Ian: She comes to like, almost every show, too. I don’t know how she does it.
Kimball: We’ve got awesome wives.
Ian: She helps me move all my drum stuff. Which is not fun.
I mean, you married a roadie. That’s fantastic. That’s phenomenal. [Laughter]
Kimball: A roadie, a manager, an accountant, a cheerleader… [Laughter] Yeah, so Coleman and Jared expressed to us what they were doing, what they were up to. Kind of their vision of life. It wasn’t the vision that the band was going in. They said, “We think it’s better that you replace us instead of getting to this point and then being like, sorry guys, we’re gonna get off this train.” So it became Isaac, Nic, and I. We were actually really stoked. Three guys, we’ve got a ton of freedom to do all this cool stuff, and started digging into this.

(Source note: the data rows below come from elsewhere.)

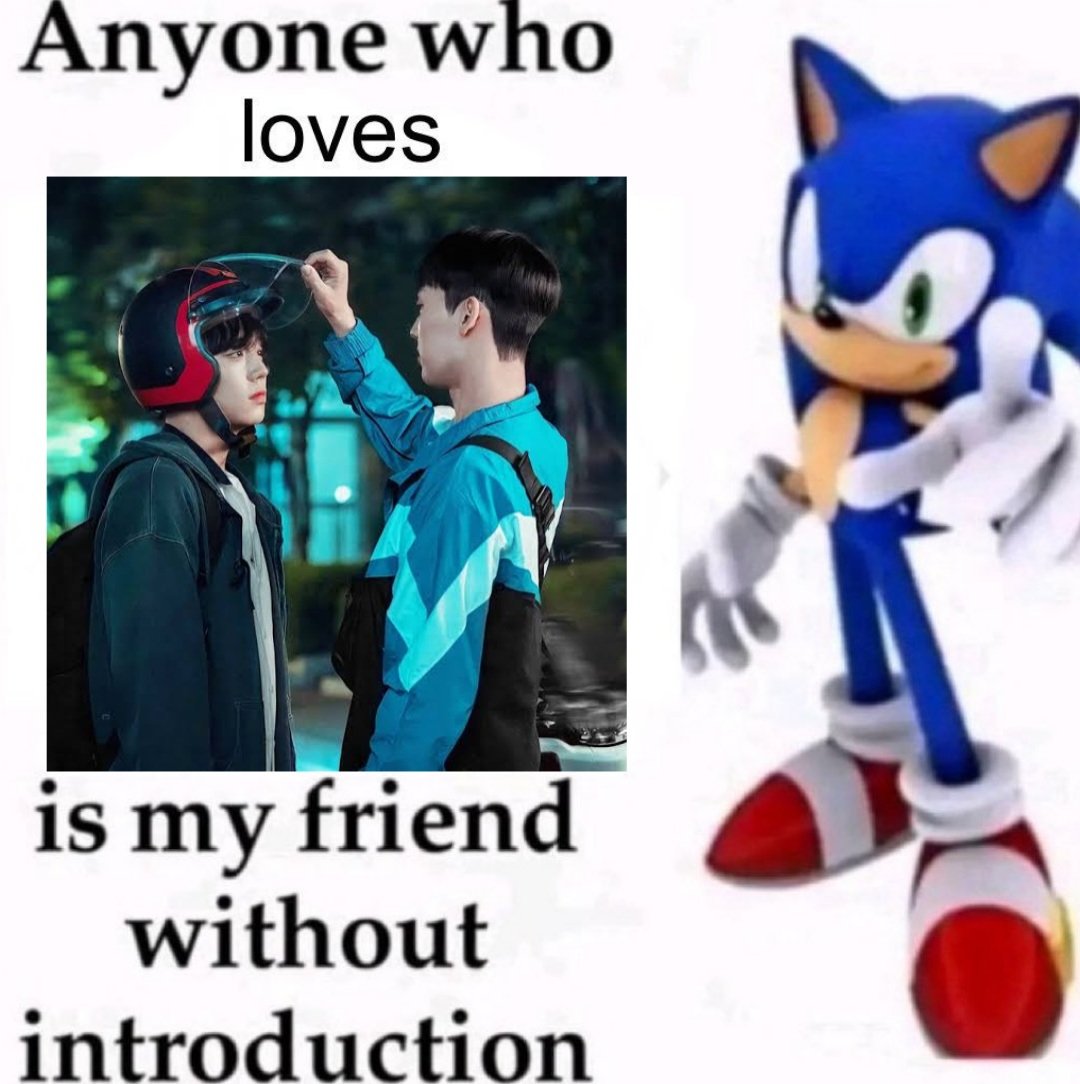 blastyesplode's tweet photo. shse lovers let's be friends https://t.co/jRAQjJlm7m
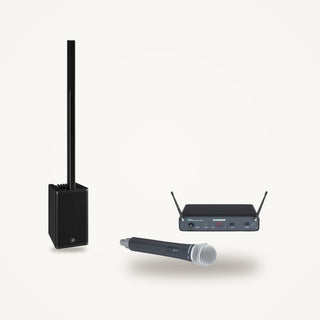Pro Audio Tilbud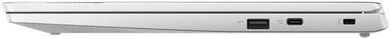 Lenovo IdeaPad 3i Image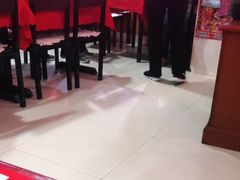 -丽虹米线(青泥店)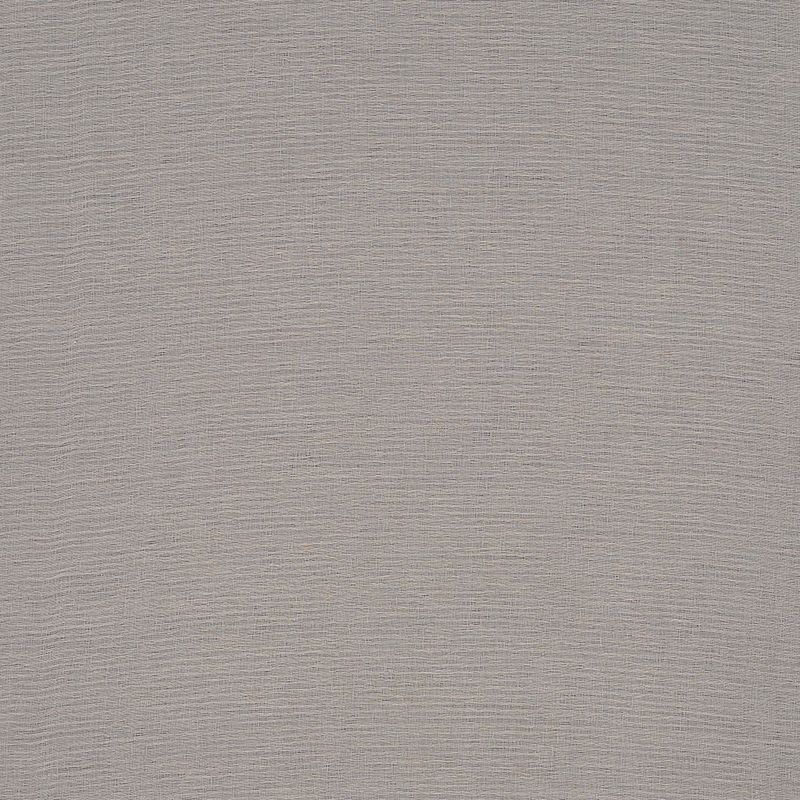 tecidos-para-cortinas-Grecia-royal-02-01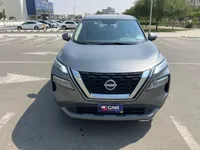 More images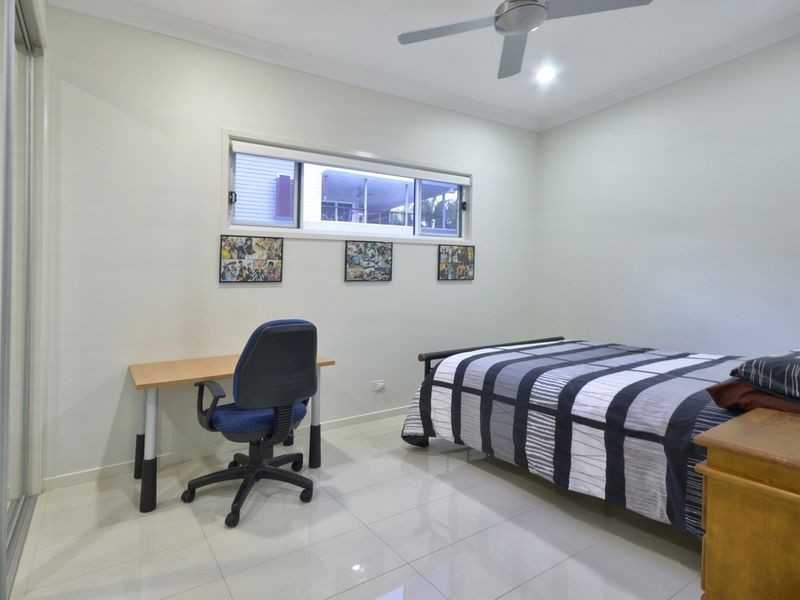 158 Cavendish Street, Nundah QLD 4012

This is still before the last show? So Jared and Coleman had said, “Alright, I think we’re done.” Show still hasn’t happened. But they had already given their two weeks, if you will.
Kimball: Yeah. They gave their two weeks – which were actually two or three months before March 4th. We had booked that show because we wanted to promote the EP.
That was the release show, right? For that EP?
Kimball: It was kind of an exclusive release. We just did hard copies. It’s not online yet or anything. We wanna change that soon. So they kind of declared that after March they’d be done. Nic and Isaac and I were working on things. We had a manager, we had a booking agent – we were all excited about things. And then, Nic and Isaac – independently of each other – came to their own conclusions after asking, “Yeah. Is this really the direction I wanna go, too?” So it was really unexpected, but I can understand them now. I was kinda upset, how out of the blue it was. I was counting on going all the way with these guys. It was a big shock. So once they put in their two weeks, we just decided that March 4th would be the last show with us and we’ll start moving things along. And then that week I start auditioning drummers and looking for a new bassist and I met some really talented people, but like I said you want talent but people that you can jive with. I remember leaving this audition with this drummer, and he was an awesome guy – awesome drummer – but I was like, “I just don’t think I could road trip with this guy!” So out of desperation I called Ian. I was heartbroken. I was at a loss.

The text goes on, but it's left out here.